The minimum wage is one of the hottest topics in US politics. Even though the conditions of workers in the country have dramatically changed over the last few decades, the minimum wage has literally remained the same. Right now, the minimum wage in the US stands at $7.25 per hour. The last time there was any change on the wage was 10 years ago during the first term of former president Barack Obama. The rate was at the time increased to the current $7.25 but has not changed since then for a whopping 3615 days. This is the longest period of inactivity since the federal minimum wage was introduced back in 1938 during President Franklin Delano Roosevelt’s administration.

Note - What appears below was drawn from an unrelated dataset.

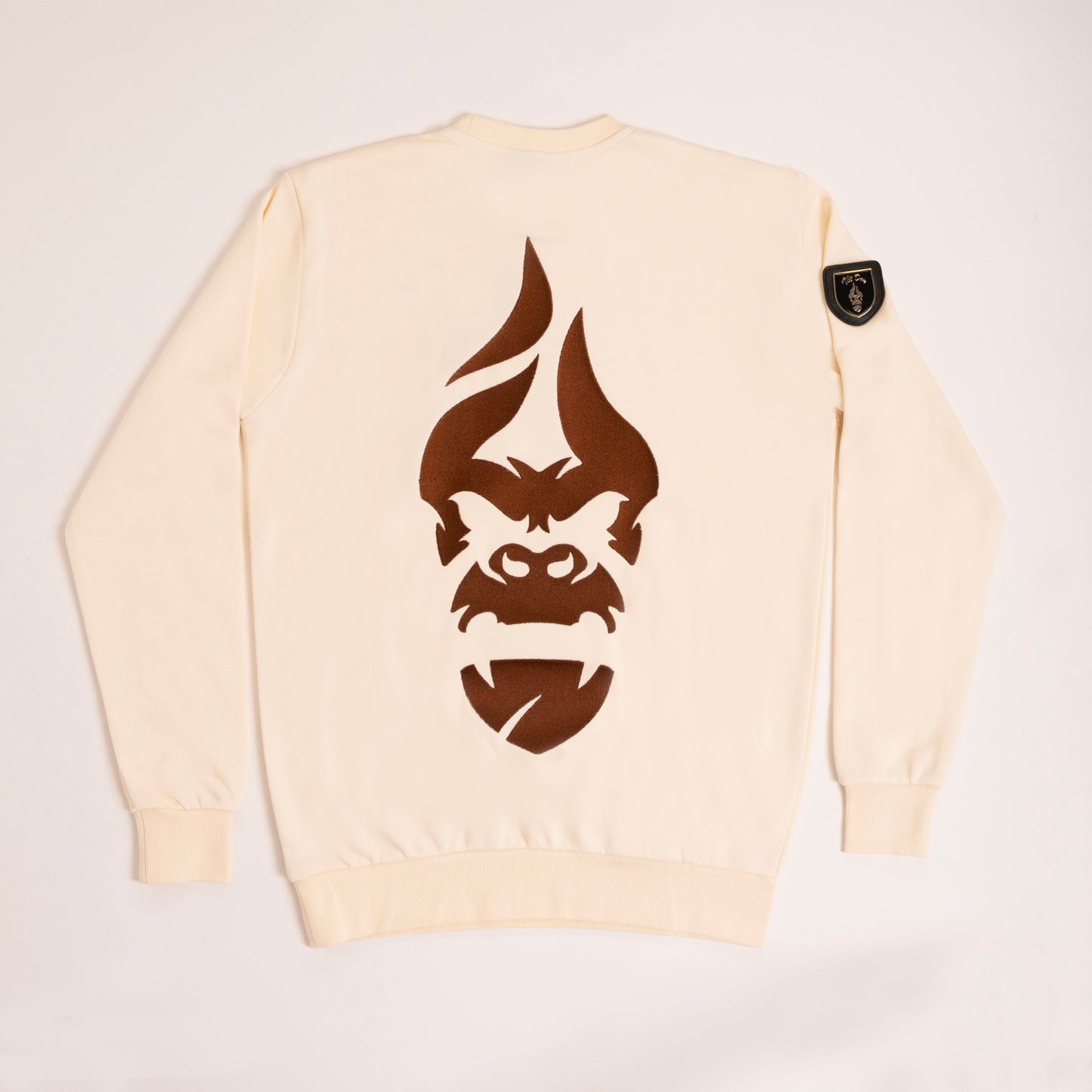 All Natural Ape The Don Crewneck Sweater Cream / Brown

It’s also important to note that despite this level of inactivity, the cost of living in the United States has been on the rise since 2009. Many proponents of higher wages have chided at Congress saying that it’s about time lawmakers in Washington started to actively listen and act before it’s too late. Many Democrats believe that the current $7.25 per hour rate is not enough for people to survive anywhere in the US including the rural areas due to the high cost of living. In fact, some are even calling for $15 per hour as the most appropriate comprise moving forward. This would be more than double the current rate.
But why, despite efforts from lobbyist and support from Democrats, has the federal minimum wage remained the same for almost a decade. It’s actually not a big mystery, since republicans have had control of Congress for years. It was only during the first term of President Obama when Democrats had the numbers to effect any legislative changes on their own without the Republicans. Since then, the GOP has been able to hold a majority and as such, any legal changes on the minimum wage have remained just a dream.
It may be a long time before anything happens. Even though Democrats were able to retain control of the House of Representatives in the midterms, the GOP still has control of the Senate and the White House through President Donald Trump. Most in the GOP leadership have already pushed back on calls to review the minimum wage even in the current economic boom. The president himself has not given any clear indication of where he stands on the subject. Trump has in fact flip-flopped so many times on the federal minimum wage that it’s unclear whether he will be willing to support legislative action from both Democrats and Republicans.
But many experts believe that Congress has the biggest sway on this issue. If lawmakers were to hush out a deal, it’s very likely that the president will also get on board. But since he was elected into office, president Trump has never advocated an increase in the federal minimum wage. The president has also been rolling back labor regulations designed to protect low wage workers over the last few years. In that case, it’s only a democratic majority in Congress that can really be trusted to initiate meaningful change.